Observou-se também uma queda no número de sindicalistas eleitos. Quais são as razões disso? O fato é que houve uma acomodação, os sindicatos estão paralisados no tempo e se você não tem atividade social você não projeta lideranças. Quem mais fez isso nos últimos tempos foi esse setor conservador, o Feliciano organizou toda uma agitação contrária a essa temática de direitos e foi votado pelos setores conservadores. Se os líderes sindicais ficam acomodados nos gabinetes, evidentemente eles não se elegem. O próprio Lula falou que o PT havia se transformado em um partido de gabinete, e ele tem razão. Essa acomodação faz com que se perca espaço político porque a legitimidade depende de atividade de fazer política pública e como essas lideranças se acomodaram achando que têm a vida ganha, perderam espaço.
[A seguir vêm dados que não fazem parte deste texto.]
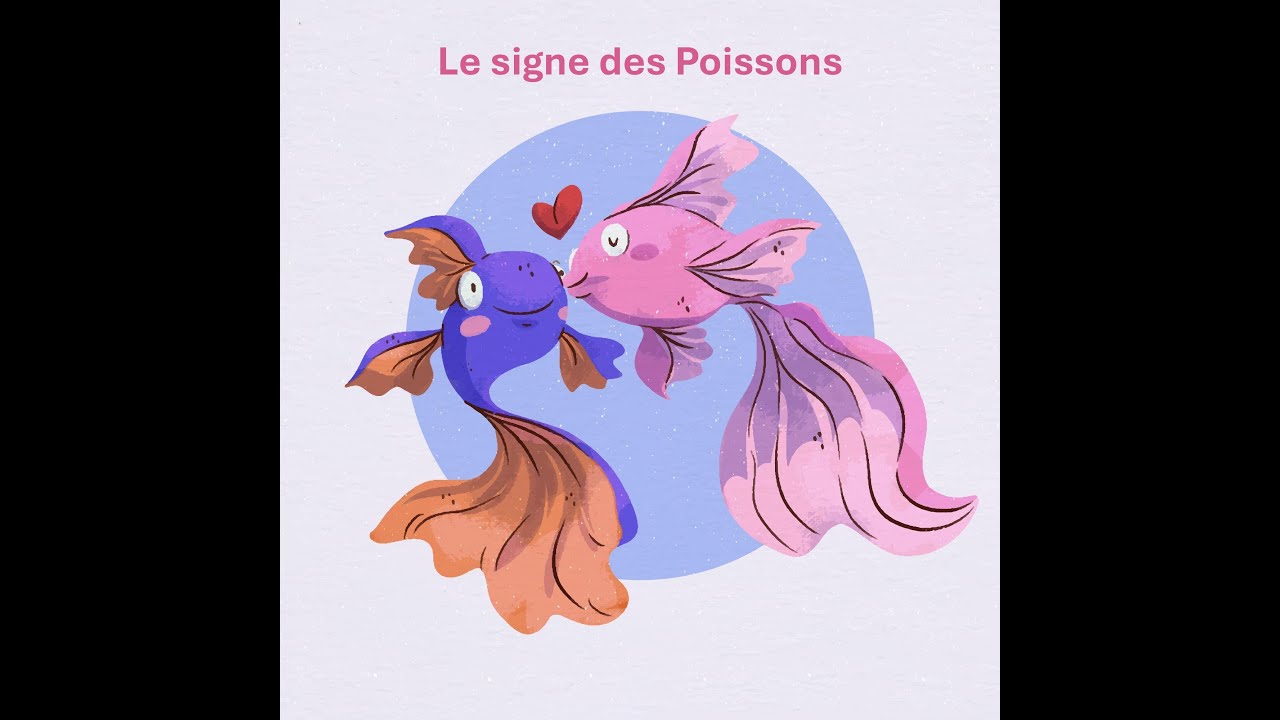 Astrologie et mythologie Poisson et Neptune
Aqui em São Paulo, nas escolhas de Fernando Haddad e Alexandre Padilha, não houve prévias dentro do PT. Você acha que isso enfraquece o tipo da luta de base?
Foram processos diferentes. No caso da disputa pela prefeitura, havia vários pré-candidatos e todos eles fizeram discussões em praticamente todos os diretórios do partido. Na medida em que os debates foram sendo feitos, os outros pré-candidatos abriram mão da candidatura, sem que tenham sido forçados a isso e se constituiu a candidatura única.
No caso do Padilha não, aparentemente foi uma escolha unilateral do Lula e não teve nenhuma discussão em torno disso. Evidentemente que isso afeta a vida do partido. Sou a favor de que todos os candidatos do partido sejam escolhidos por prévias, tanto os majoritários quanto os proporcionais.
Em um Congresso hostil como esse, o papel de partidos de esquerda como o PSOL pode mudar em um segundo mandato de Dilma? Pode se aproximar mais do governo?
O PSOL é uma opção à esquerda, agora o fato é que eles têm poucos parlamentares e pouca capacidade de influência. Espera-se que o partido também exerça uma oposição crítica ao governo mais pelo viés de esquerda, representando os setores mais oprimidos da sociedade.
Os partidos de oposição, por outro lado, nem sempre têm divergências com o governo. Por exemplo, em um assunto com o viés econômico, o PSDB pode votar junto com o PT; num determinado tema político, como no Plano Nacional de Participação Social, o PSOL pode ter o mesmo interesse do governo, o jogo político comporta esse tipo de situação, então vai depender muitos das pautas que forem colocadas no Congresso. Independentemente disso, cada partido tem que ter consciência do seu lugar, tem que ter a responsabilidade de exercer a sua função cuja missão foi determinada pelas urnas, pelo espaço que ocupa no espectro político.
Após uma eleição muito apertada, os ânimos ficaram à flor da pele por todo o Brasil ao ponto de uma parcela da população estar pedindo o impeachment da presidenta. O que você acha dessa movimentação e como ela deve ser entendida pelos partidos?
A candidatura Aécio Neves deu abrigo a esses setores, mas o próprio PSDB já se manifestou, acertadamente, contra esses movimentos. Isso deve ser feito também por todos os outros partidos, pois se trata de uma agressão à democracia. A própria Marina Silva não se manifestou, e acho que ela errou ao ficar calada nesse momento, quando grupos vão às ruas propor intervenção militar e propondo o impeachment sem nenhuma razão. Esses movimentos devem ser combatidos, não dá pra achar que isso é brincadeira, mas se todos os setores democráticos os repudiarem eles tendem a cair em um isolamento.